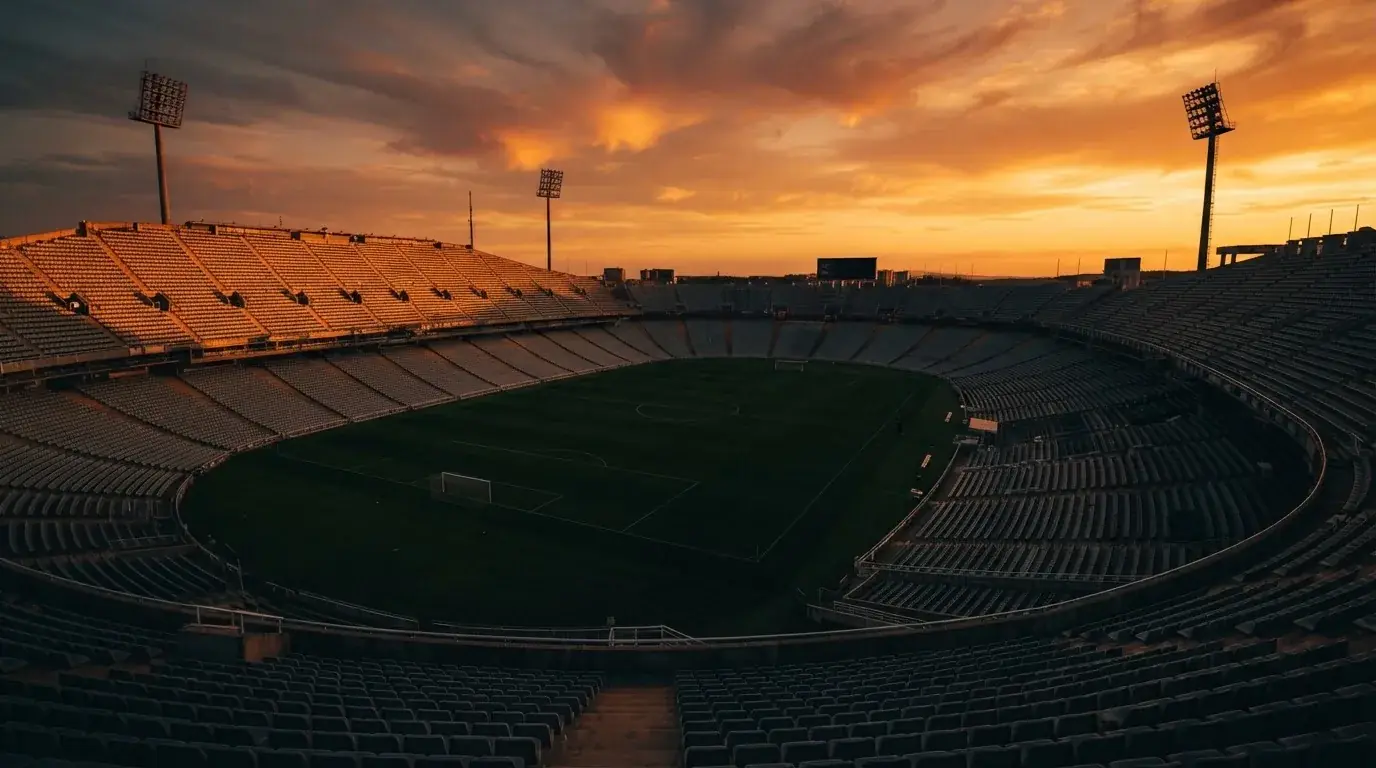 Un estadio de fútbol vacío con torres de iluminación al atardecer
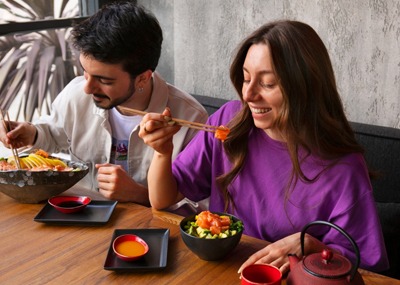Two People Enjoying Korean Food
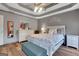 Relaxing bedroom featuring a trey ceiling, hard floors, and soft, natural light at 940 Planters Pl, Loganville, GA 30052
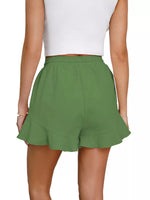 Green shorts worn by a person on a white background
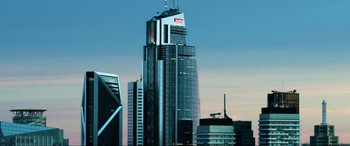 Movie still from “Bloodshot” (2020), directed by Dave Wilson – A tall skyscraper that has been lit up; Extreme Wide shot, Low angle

■ **Exercise directions**:
With pictures removed, write out exactly each line of the entries from the first through the line that holds "Relaxing bedroom featuring".

■ **Answer section**:
 Un estadio de fútbol vacío con torres de iluminación al atardecer
Two People Enjoying Korean Food
 Relaxing bedroom featuring a trey ceiling, hard floors, and soft, natural light at 940 Planters Pl, Loganville, GA 30052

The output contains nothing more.